• Data records:
=======
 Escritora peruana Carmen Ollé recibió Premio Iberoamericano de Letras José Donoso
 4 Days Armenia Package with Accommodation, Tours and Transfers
=======
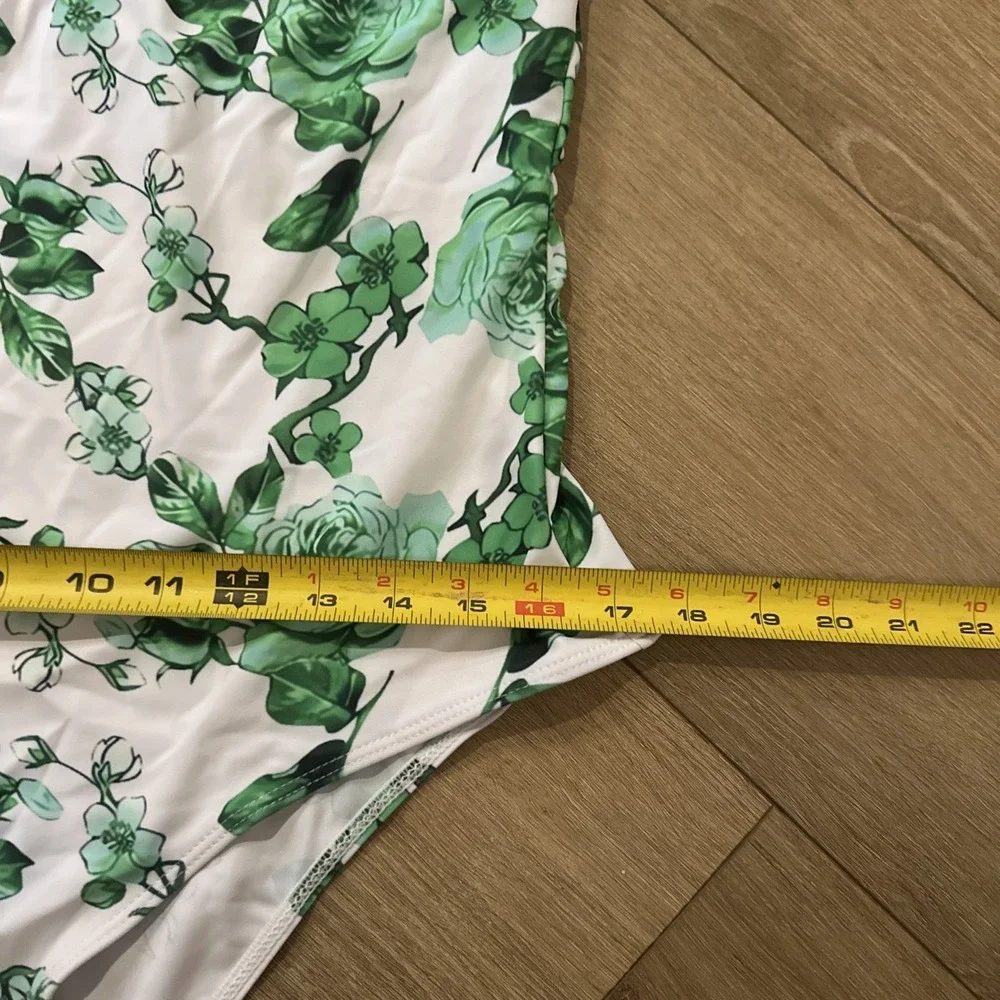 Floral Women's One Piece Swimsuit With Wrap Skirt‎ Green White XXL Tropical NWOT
=======
• Work task:
From the listing above, repeat exactly the lines starting at the line that includes "Escritora peruana Carmen" and ending at the line that includes "4 Days Armenia", with nothing outside that span.

• Final answer:
 Escritora peruana Carmen Ollé recibió Premio Iberoamericano de Letras José Donoso
 4 Days Armenia Package with Accommodation, Tours and Transfers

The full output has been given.